# Stored dataset items
┌──
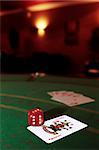 green casino table with dice on a joker and a hand of a royal flush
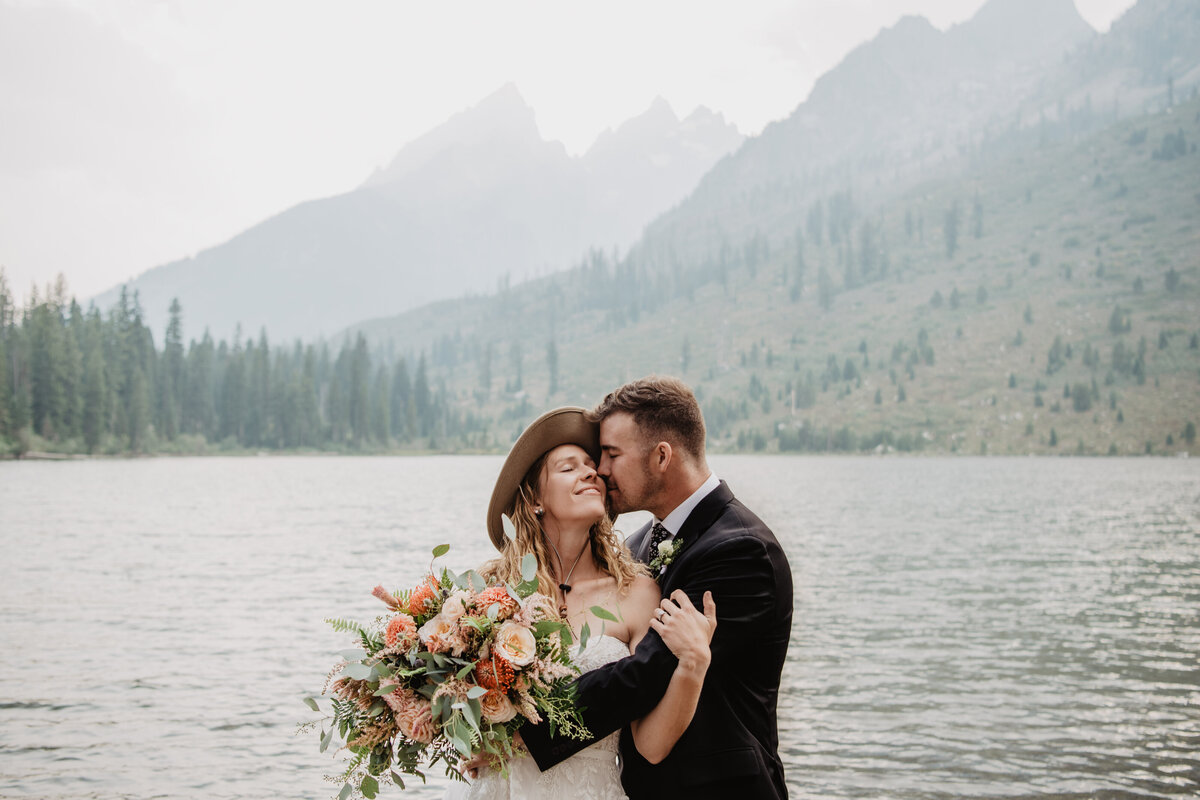 Jackson Hole Photographers capture bride and groom kissing during portraits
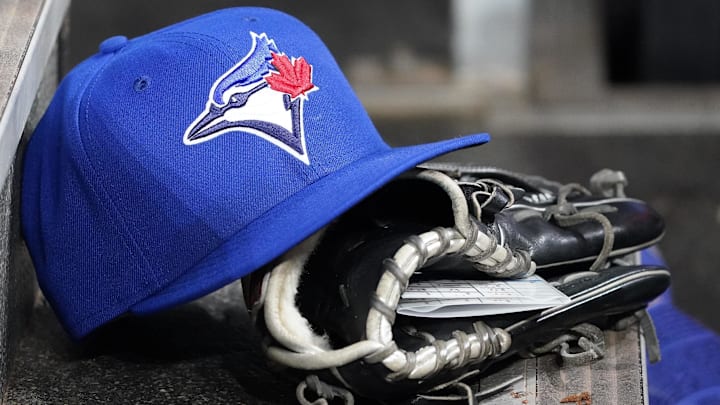 Apr 16, 2025; Toronto, Ontario, CAN; A Toronto Blue Jays hat and glove in the dugout during a game against the Atlanta Braves at Rogers Centre.  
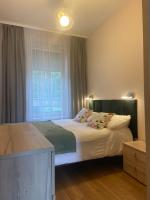 Posteľ alebo postele v izbe v ubytovaní Apartament Zen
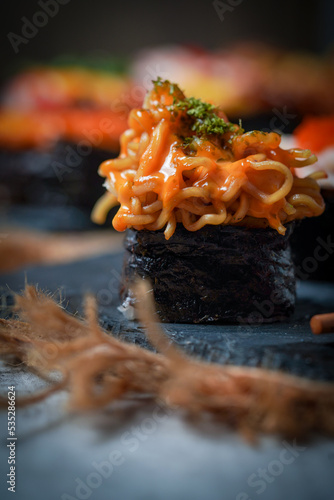 Sushi is a Japanese dish of prepared vinegared rice (鮨飯, sushi-meshi), usually with some sugar and salt, accompanied by a variety of ingredients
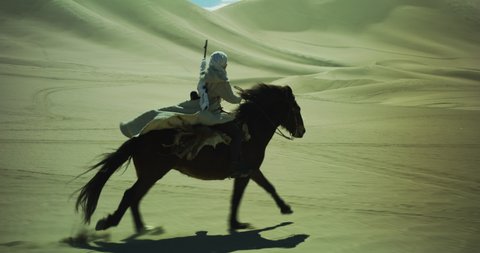 Masked person rides a galloping horse through the desert. Sand dunes surround a person riding a horse with a rifle on their back. Long journey. Cinematic, Shot on RED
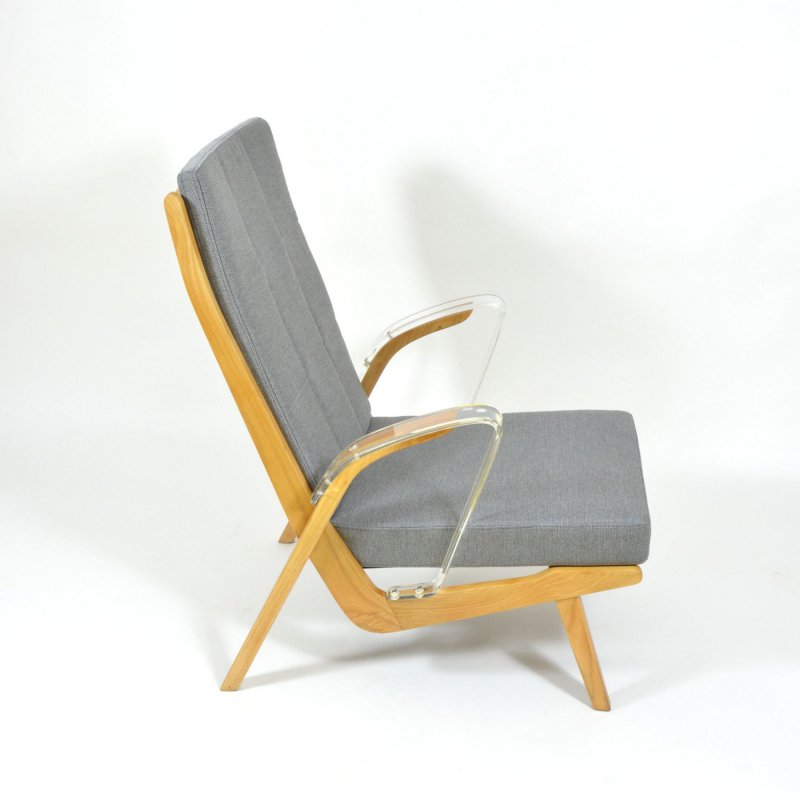 Unique retro armchair with plexiglass armrests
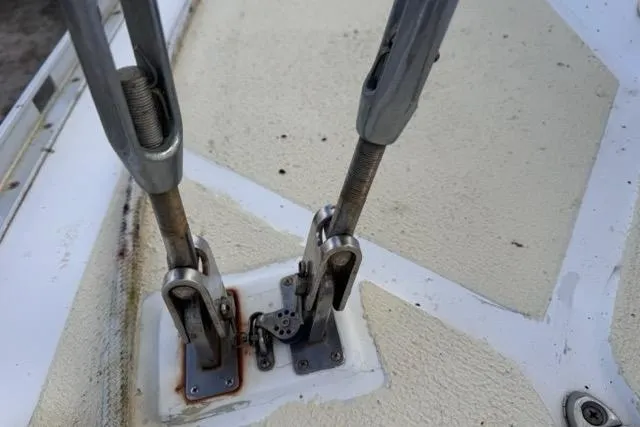 Slide: The Image of Close-up of rigging hardware on a 1989 Hylas 44 sailboat deck. - 48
└──
# How to complete this task
From the first line of the records through the line containing "Masked person rides", please output exactly those lines and nothing more, leaving out the pictures.

# Reply to the exercise
 green casino table with dice on a joker and a hand of a royal flush
 Jackson Hole Photographers capture bride and groom kissing during portraits
 Apr 16, 2025; Toronto, Ontario, CAN; A Toronto Blue Jays hat and glove in the dugout during a game against the Atlanta Braves at Rogers Centre.  
 Posteľ alebo postele v izbe v ubytovaní Apartament Zen
 Sushi is a Japanese dish of prepared vinegared rice (鮨飯, sushi-meshi), usually with some sugar and salt, accompanied by a variety of ingredients
 Masked person rides a galloping horse through the desert. Sand dunes surround a person riding a horse with a rifle on their back. Long journey. Cinematic, Shot on RED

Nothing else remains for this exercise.